Lo que no puede sino llevarnos a la terrible conclusión de que somos cada día más tontos. Y así nos va.

viernes, 2 de octubre de 2020

El debate presidencial

He seguido el tratamiento que ha recibido en diferentes medios de comunicación el debate presidencial americano de Donald Trump y Joe Biden. En líneas generales, se han presentado dos versiones decididamente antagónicas: para unos, Trump se ha mostrado como un saco de mentiras marrullero y faltón, que ha sacado de quicio con sus estratagemas barriobajeras no sólo a Biden, sino incluso al propio moderador (el periodista Chris Wallace); para otros, Trump ha tenido que defenderse de las encerronas que, en vergonzosa connivencia, le habían preparado Biden y Wallace, y lo ha conseguido con gallardía e inteligencia, desenmascarando las continuas trampas de sus adversarios. Para los primeros, Trump se ha descalificado absolutamente como candidato; para los segundos, el descalificado es Biden.

Sé que las cosas no son unívocas, que la mirada construye el objeto observado, etc. Por tanto, es normal que haya diferentes maneras de entender el desarrollo de un debate. Pero que puedan darse interpretaciones tan incompatibles me parece asombroso. Digamos que entiendo que lo que para uno es amarillo para otro sea verde, pero me asombra que uno vea blanco donde otro ve negro. 

Muchas de estas crónicas periodísticas, al menos las más extremadas, parecen no poder ser explicadas sino desde la psicología clínica, porque sólo un serio trastorno puede afectar tanto la percepción humana. Claro que siempre queda la otra posibilidad: la de la tergiversación interesada y la mentira. Eso ya no es asombroso, sino vergonzoso, y debería ser combatido, incluso legalmente, de ser posible. 

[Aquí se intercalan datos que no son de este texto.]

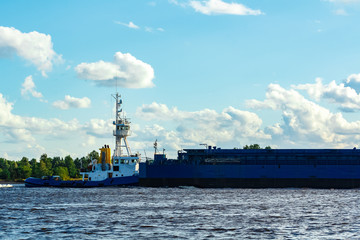 Blue tug ship underway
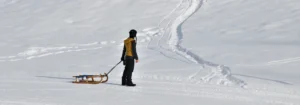 Eine Person zieht einen Schlitten über eine schneebedeckte Fläche, mit Fußabdrücken im Schnee.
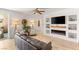 Open-concept living room with modern fireplace and entertainment center, plus stylish wood flooring at 10463 Pioneer Park Ave, Las Vegas, NV 89135
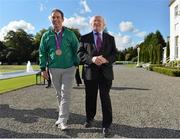21 September 2012; President of Ireland Michael D. Higgins with Team Ireland's Cian O'Connor at a reception for the London 2012 Irish Olympic team at Aras an Uachtarain, Phoenix Park, Dublin. Picture credit: Brian Lawless / SPORTSFILE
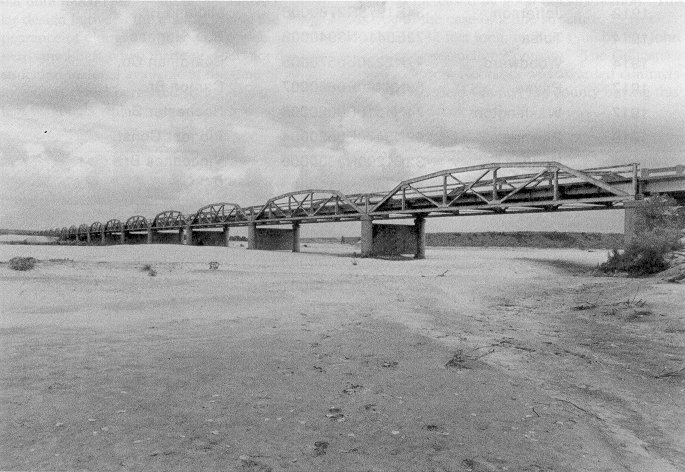Standard 100-foot camelback spans form Bridge 3416 0050X over the Red River in Jefferson County.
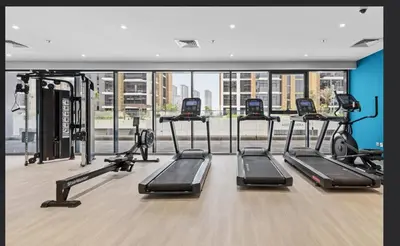 a gym with a row of treadmills at Luxe Studio Vibes Stylish & All New Pet Free in Dubai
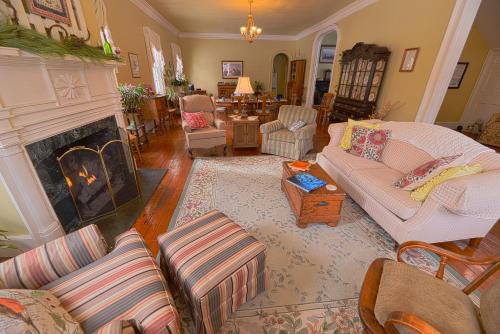 The Bed and Breakfast at Oliver Phelps في كاناندياجو: غرفة معيشة مع أريكة ومدفأة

Además, me temo que una buena parte de los lectores de unos y de otros creerán a pies juntillas la versión de cada caso, puesto que la crónica que leen no habrá hecho sino reforzar su convicción previa. Y eso, más que asombroso o vergonzoso, me parece peligroso.

En definitiva, ¿qué ha pasado en este debate? Para poder contestar debidamente esa pregunta, hay que ver atentamente el vídeo (de hora y media, y obviamente en inglés), leer con cuidado las diferentes crónicas, volver a comprobar en el vídeo lo que comenta cada periodista, tratar de entender las razones de cada cual… Para contestar la pregunta, en suma, hay que trabajar y tener además ciertas capacidades. Y nos topamos así con el probable quid de la cuestión: descontando a los que no quieren y a los que no pueden, ¿cuántas personas quedan que sean capaces de contestar debidamente la pregunta, y de quienes nos podamos, por tanto, fiar? Y, para más inri, ¿alguna de esas es periodista?